One student speaker then talked about a technique called “antithetic pairs”. If $X_1$ and $X_2$ are identically distributed but not independent, we have

\[\operatorname{Var} \left( \frac{X_1 + X_2}{2} \right) = (1 + \rho) \frac{\sigma^2}{2} ,\]

where $\rho$ is the correlation. So, the speaker pointed out, if we can induce a negative correlation, $\rho < 0$, then this will be even more accurate than the independent case. (I covered a similar idea in this blogpost.)

I was thinking of asking whether this could be extended to antithetic triples or quadruples – but the speaker had predicted this.
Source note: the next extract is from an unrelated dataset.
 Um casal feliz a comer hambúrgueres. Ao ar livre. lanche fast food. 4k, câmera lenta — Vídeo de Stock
She said it’s much harder to induce negative correlation between three variables – she might even have said it’s impossible.

We were chatting after the talk, and I said I thought you could have three negatively correlated random variables. Consider breaking a stick into three pieces. If piece 1 is bigger than you’d expect, then piece 2 is likely to be smaller than you’d expect to make up for it: a negative correlation. But the same is true for pieces 2 and 3, and for pieces 3 and 1: all negatively correlated.
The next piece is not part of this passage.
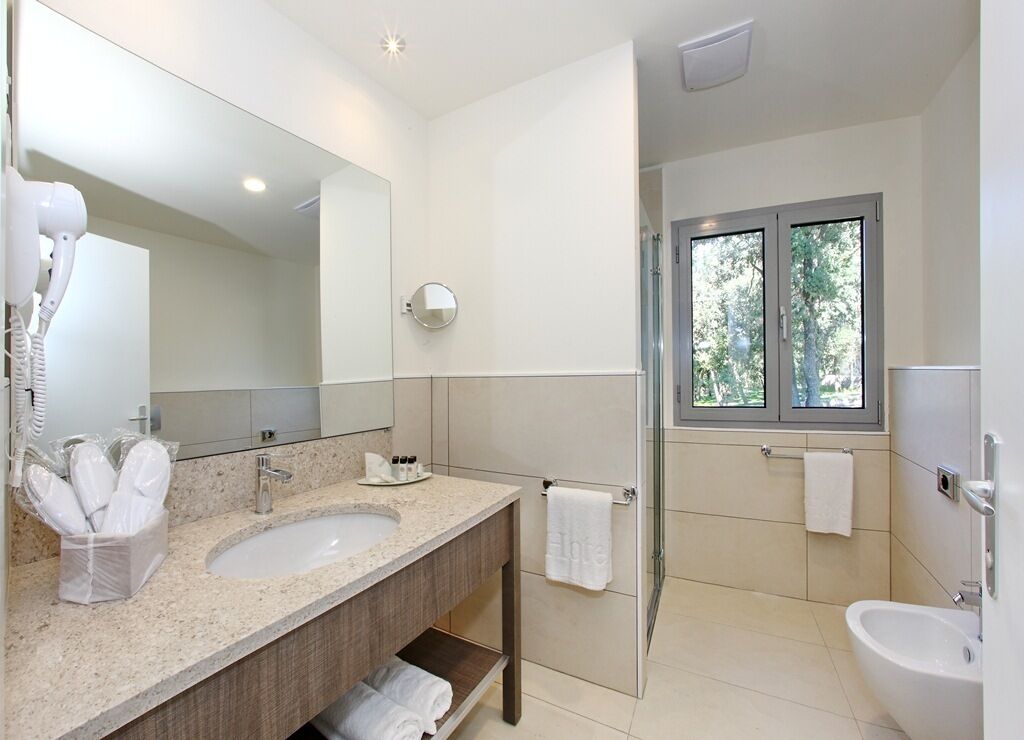 A modern bathroom with a large mirror, a sink, a shower, and a bidet.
At this point, a colleague pointed out that I was being rather imprecise. A fair point! So let $Z_1$, $Z_2$, $Z_3$ be independent random variables uniformly distributed between 0 and 1. Then write

\[X_1 = \frac{Z_1}{Z_1 + Z_2 + Z_3} \qquad X_2 = \frac{Z_2}{Z_1 + Z_2 + Z_3} \qquad X_3 = \frac{Z_3}{Z_1 + Z_2 + Z_3} ,\]

so, in particular, $X_1 + X_2 + X_3 = 1$ make up “the whole stick”.

I said it seemed this $X_1$, $X_2$, $X_3$ must be pairwise negatively correlated. However, I also had to admit that I couldn’t manage to calculate the correlation

\[\rho_{ij} = \frac{\operatorname{Cov}(X_i,X_j)}{\sqrt{\operatorname{Var}(X_1)\,\operatorname{Var}(X_2)}} ,\]

because the variance and covariance seem rather tricky to work out.

But, later in the day, I realised there’s a cunning – can I say amusing? – way to work out the correlations “by the back door”, without calculating the variance and covariance at all.

The idea starts from this formula, which the speaker did show during her talk:

\[\operatorname{Var} \left(\sum_{i=1}^n X_i \right) = \sum_{i=1}^n \operatorname{Var}(X_i) + 2 \sum_{i < j} \operatorname{Cov}(X_i, X_j) .\]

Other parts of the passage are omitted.